Lab Rats by Patrick Gabridge. Directed by Kyler Taustin. Staged by Brown Box Theatre Project at the Atlantic Wharf, 290 Congress Street, Boston, MA, through November 15.

The world premiere of a “sharply comic love story that follows Mika and Jake: two twenty-somethings making a slim living as test subjects for medical experiments. They navigate a treacherous maze of emotion, trust, and survival as their carefully monitored and medicated lives bleed into their true selves.”

Witchhunt: The Beast Within (a recreation of the Salem witch trials inspired by Jean-Paul Sartre) by Caleb Hammond. Directed by Hammond. Presented by MIT’s Dramashop at the Rinaldi Tile Building, 34 Carleton Street, Cambridge, MA, November 12 through 21.

An interesting project: it sounds like a frisky stage version of Jean-Paul Sartre’s 1957 film adaptation of Arthur Miller’s The Crucible. “A stark, harrowingly real recreation of the Salem witch trials inspired by Jean-Paul Sartre’s cinematic reaction to the chilling effects of both American McCarthyism and Soviet Stalinism.”

Johanna Day as Zippy and Raviv Ullman as Hunter in the Huntington Theatre Company production of "Choice." Photo: T. Charles Erickson.

Johanna Day as Zippy and Raviv Ullman as Hunter in the Huntington Theatre Company production of “Choice.” Photo: T. Charles Erickson.

Choice by Winnie Holzman. Directed by Sheryl Kaller. Staged by the Huntington Theatre Company at the Calderwood Pavilion at the Boston Center for the Arts, through November 15.

Winnie Holzman (who wrote the book for the musical Wicked and penned TV’s My So-Called Life) has come up with her first nonmusical, full-length play. According to Holzman, the script deals with “a woman journalist who ends up writing a story that changes her life. I’m so interested in friendships and their complications, and women friendships are so interesting to me. The center of this play is a female friendship that is so different from Wicked.” Read the full review on The Arts Fuse here.

me·nag·er·ie, a work-in-progress inspired by Jorge Luis Borges’s The Book of Imaginary Beings, written and performed by imaginary beasts at the Charlestown Working Theater, Charlestown, MA, on November 13 and 14.

The piece draws “from a vast number of creative sources” and is part of “an ongoing theatrical exploration of the creatures wild and strange that reside in our collective fantasies.”

Price Tag by Alma Weich. Directed by Guy Ben-Aharon. Staged by Israeli Stage at the Goethe-Institut Boston, 170 Beacon Street, Boston, MA, on November 15.

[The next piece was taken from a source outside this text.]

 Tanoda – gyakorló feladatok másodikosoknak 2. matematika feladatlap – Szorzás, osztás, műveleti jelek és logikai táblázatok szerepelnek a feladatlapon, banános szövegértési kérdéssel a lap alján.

Israeli Stage celebrates its 5th birthday with the American premiere of a script that, according to director Ben-Aharon, “couldn’t be more timely with the growing political tension in the settlements in Israel and the Palestinian Territories.” The play is a tragedy “inspired by the Biblical story of Eli the High Priest of Shiloh and his corrupted sons.” The cast for this staged reading includes Phil Tayler, Jared Brown, Pat Shea, and Will Lyman.

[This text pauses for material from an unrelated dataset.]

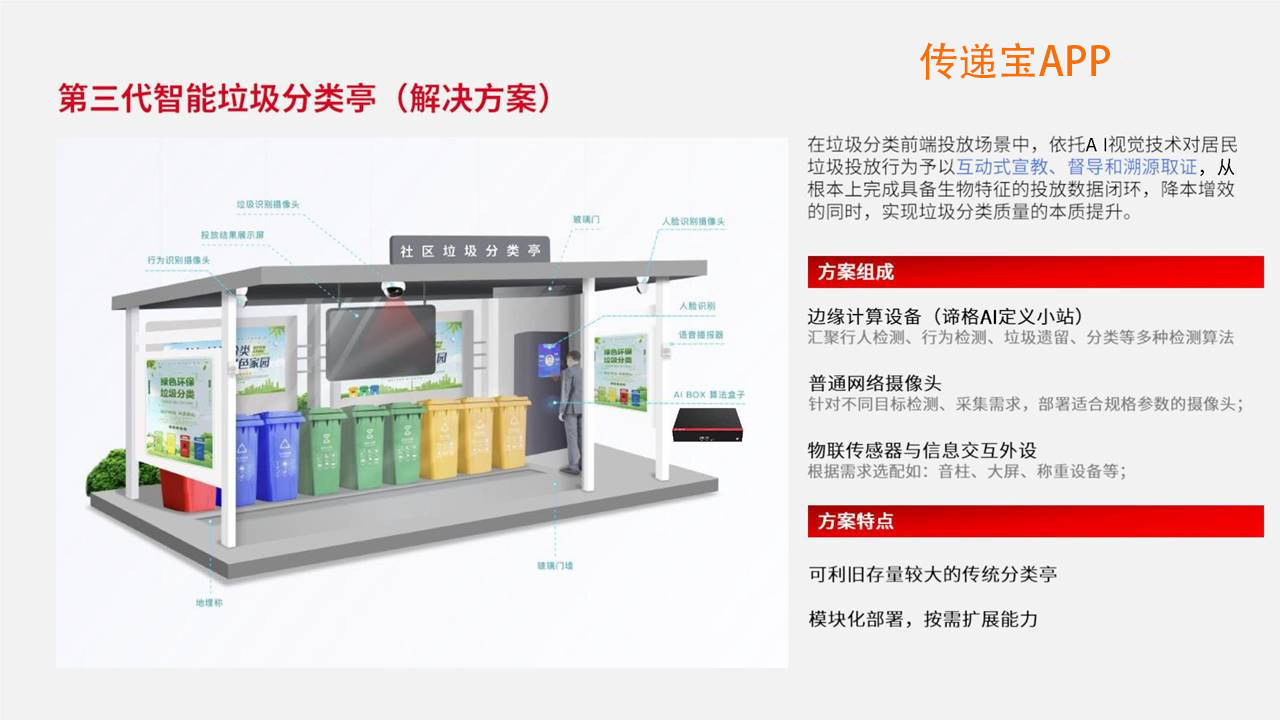 最新智能垃圾分类技术，引领垃圾分类新时代的革新力量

A Confederacy of Dunces, adapted by Jeffrey Hatcher from the novel by John Kennedy Toole. Directed by David Esbjornson. Staged by the Huntington Theater Company at the Boston University Theatre, Boston, MA, November 11 through December 20.

An exciting prospect— a stage version of Toole’s playfully Swiftian satire. “Nick Offerman (TV’s Parks and Recreation) stars as the larger-than-life character Ignatius J. Reilly: overweight, arrogant, eccentric, and still living with his mother in 1960s New Orleans. Called the Don Quixote of the French Quarter, Ignatius has a singular outlook on life. His farcical odyssey includes a riot in a department store and a raid on a strip club, and stints working at a pants factory and as a hot dog vendor.”

A scene from the production of "A Mid

A scene from the Isango Ensemble’s production of “A Midsummer Night’s Dream,” coming to Boston this week. Photo: Courtesy of the company.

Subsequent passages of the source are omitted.